## Exercise prompt
Starting at the line that contains "AWomen's Crisscross Strappy", output each line exactly as written through the end of the listing below, but leave out the pictures.

## Available data
○ ○ ○ ○

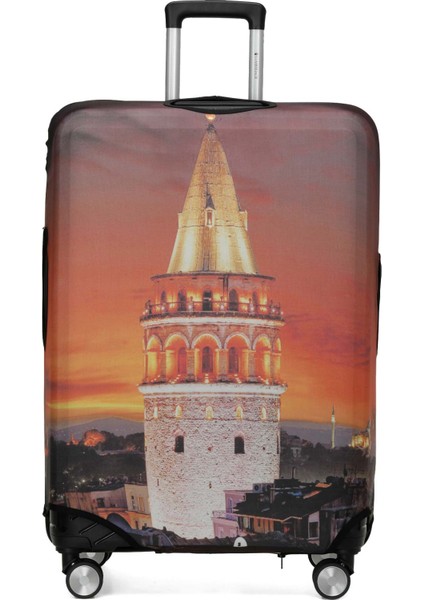 Travel Soft Valız Kılıf Galata 4fx Kahve Multı Unisex Valiz Kılıfı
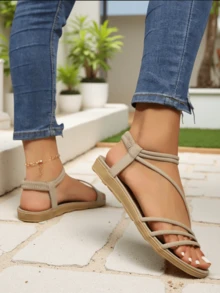 AWomen's Crisscross Strappy Flat Sandals – Elastic Ankle Strap Nude Beach Sandals, Lightweight Open Toe Summer Footwear For Vacation & Resort Wear - 卡其色 - 查看 3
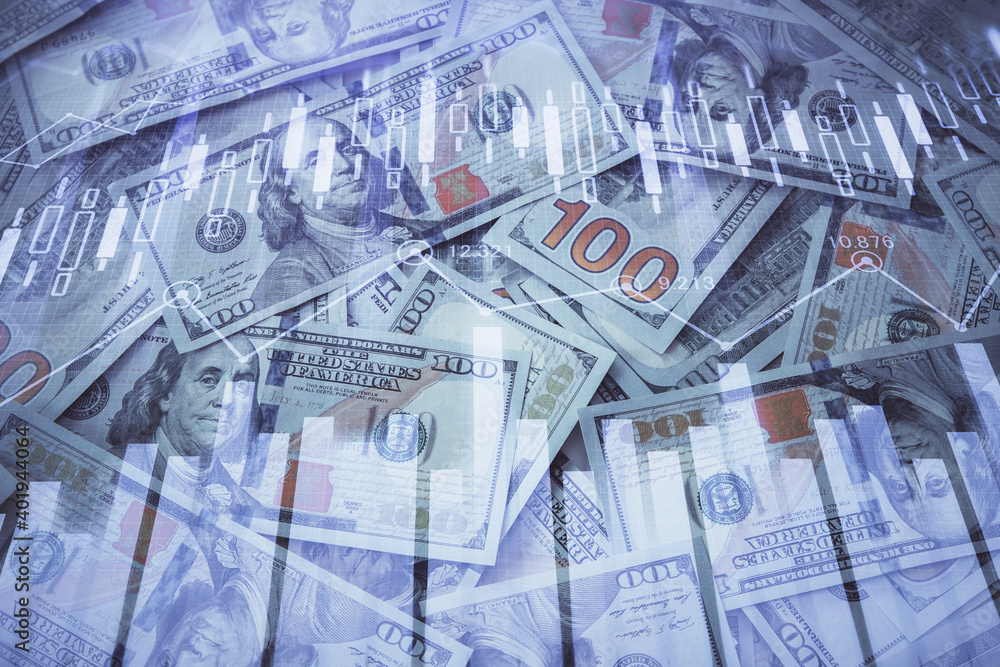 Double exposure of forex graph drawing over us dollars bill background. Concept of financial markets. Double exposure of forex graph drawing over us dollars bill background. Concept of financial markets.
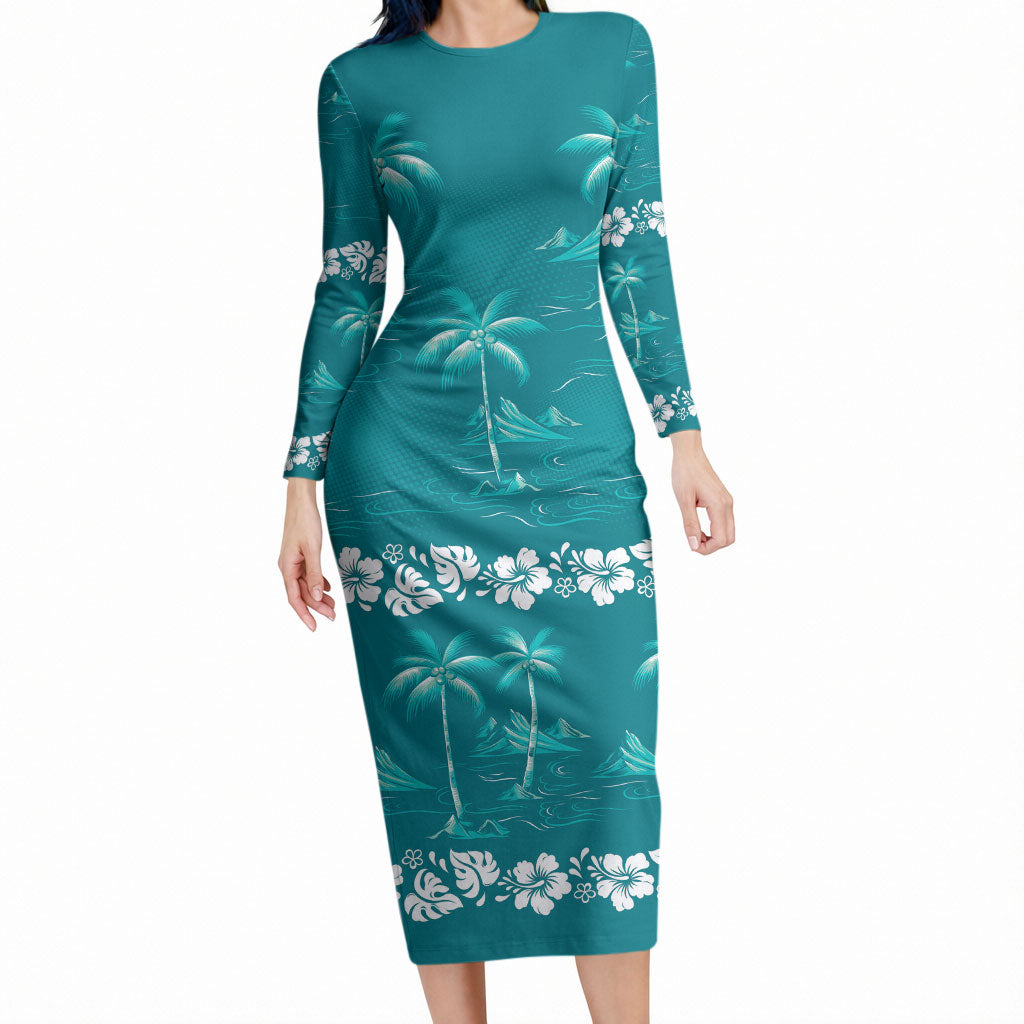 Cyan Hawaii Palm Tree Hibiscus Long Sleeve Bodycon Dress Fantasy Summer Vibe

○ ○ ○ ○

## Response to the task
 AWomen's Crisscross Strappy Flat Sandals – Elastic Ankle Strap Nude Beach Sandals, Lightweight Open Toe Summer Footwear For Vacation & Resort Wear - 卡其色 - 查看 3
 Double exposure of forex graph drawing over us dollars bill background. Concept of financial markets. Double exposure of forex graph drawing over us dollars bill background. Concept of financial markets.
 Cyan Hawaii Palm Tree Hibiscus Long Sleeve Bodycon Dress Fantasy Summer Vibe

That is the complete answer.